## Queueing Notation

The statistical model that has notation in three parts.

The first part denotes the process of arrivals at the start of a queue. Usually the process of arrival of customers is radom or 'Markovian' and denoted 'M'.

The second part denotes the process by which elements of the queue exit the queue. If elements of the queue exit in a predetermined manner, this is labelled 'D' and if elements exit the queue according to a uniform distribution this is labelled 'U'. Other models of exit are possible.

The third part denodes the number of exit route. These are all identical and act to release members of the queue. Each exit takes some time to process.

The overall process models a queue in a bank or similar. There is a single queue, which people may join according to various models and leave to be served at any one of a numnber of tellers.

Suppose elements arrive at the queue in a random manner. This is labelled 'M' for 'Markovian'. If after leaving the queue elements are served in a fixed time T, then this is labelled 'D'. If elements leave the queue to be served by any one of five tellers the the queue is modelled by the model M/D/5.

Suppose elements arrive at the queue in a random manner.

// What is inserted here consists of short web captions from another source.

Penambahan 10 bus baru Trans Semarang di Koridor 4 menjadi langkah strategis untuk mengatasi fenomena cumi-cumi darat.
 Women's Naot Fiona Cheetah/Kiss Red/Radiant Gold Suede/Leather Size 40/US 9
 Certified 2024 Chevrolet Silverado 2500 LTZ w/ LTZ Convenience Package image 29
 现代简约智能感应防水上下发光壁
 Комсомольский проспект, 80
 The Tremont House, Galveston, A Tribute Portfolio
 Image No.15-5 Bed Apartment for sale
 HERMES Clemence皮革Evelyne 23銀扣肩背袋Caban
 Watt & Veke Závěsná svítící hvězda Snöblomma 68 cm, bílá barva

This is labelled 'M' for 'Markovian'. If after leaving the model of the time taken to serve a customer is a Uniform distribution between 10 and 20 minutes then this is labelled 'U'. If elements leave the queue to be served by any one of two tellers the the queue is modelled by the model M/U/2.

If the leaving and exiting queue processes are both random and there is only one teller then the queue model is M/M/1. This is called the simple queue.